# Now you can get blocks from all the WHS!



## Marco55 (Dec 13, 2016)

Nice!


----------



## nighthawk398 (Jul 21, 2015)

Cool


----------



## soupergloo (Jul 24, 2015)

I hate it, I have no intention of working any other warehouse except UCA1, and now I have to worry about accidentally picking up blocks from 4 other warehouses.


----------



## ??? (May 27, 2016)

Is this ability national or in certain markets?


----------



## Solo1 (Apr 18, 2017)

??? said:


> Is this ability national or in certain markets?


It's gotta be certain markets because I am where the mothership is and I still only get my preferred WH/FC and the closest one to that ... So only 2 shows and we have absolutely every program Amazon has to offer .


----------



## ??? (May 27, 2016)

Is anyone in Miami able to see more than one warehouse at a time?


----------



## Movaldriver (Feb 20, 2017)

We don't see it at DLA5 (Riverside CA)


----------



## soupergloo (Jul 24, 2015)

for those of you that aren't merged with other warehouses yet, it's coming.

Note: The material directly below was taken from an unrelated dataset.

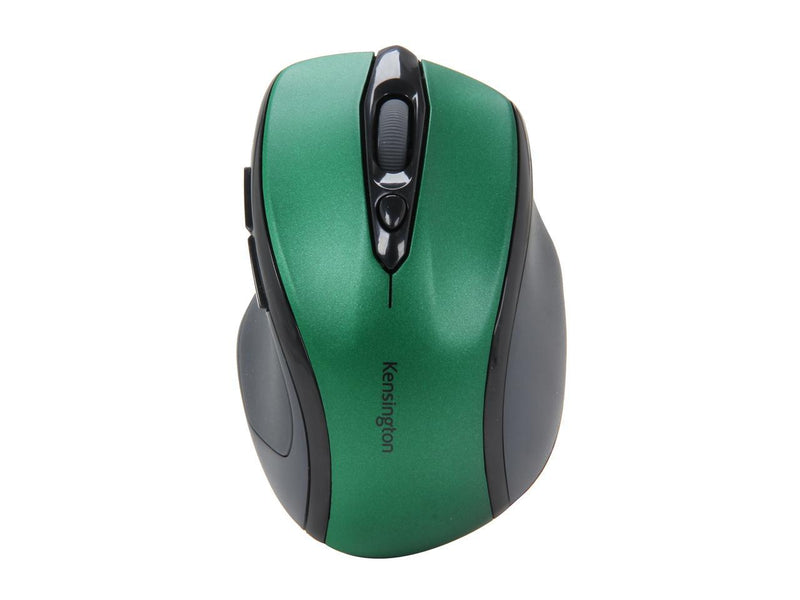 Kensington Pro Fit Mid-Size Mouse K72424AM Emerald Green 1 x Wheel USB RF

for SF, first we were merged with Berkeley (even though it's over a bridge and easily 2-hours away with traffic) and now Sunnyvale & San Jose (also at least 2 hours away). there's absolutely no point in choosing a warehouse anymore, you'll have access to all of them.

I don't know what the **** they're thinking .. you have to grab blocks without looking at it over here and they're forcing us to grab and drop blocks every single time. it's only going to lead to the deactivated of a mass amount of drivers.


----------



## CarmenFlexDriver (Jun 21, 2016)

??? said:


> Is anyone in Miami able to see more than one block at a time?


 I'm out of DMI2.....when they drop same day blocks in the morning typically it's multiple time slots/blocks. Next day blocks are one at a time.
Later on in the day you'll see mostly single blocks but occasionally you'll see multiple blocks dropped.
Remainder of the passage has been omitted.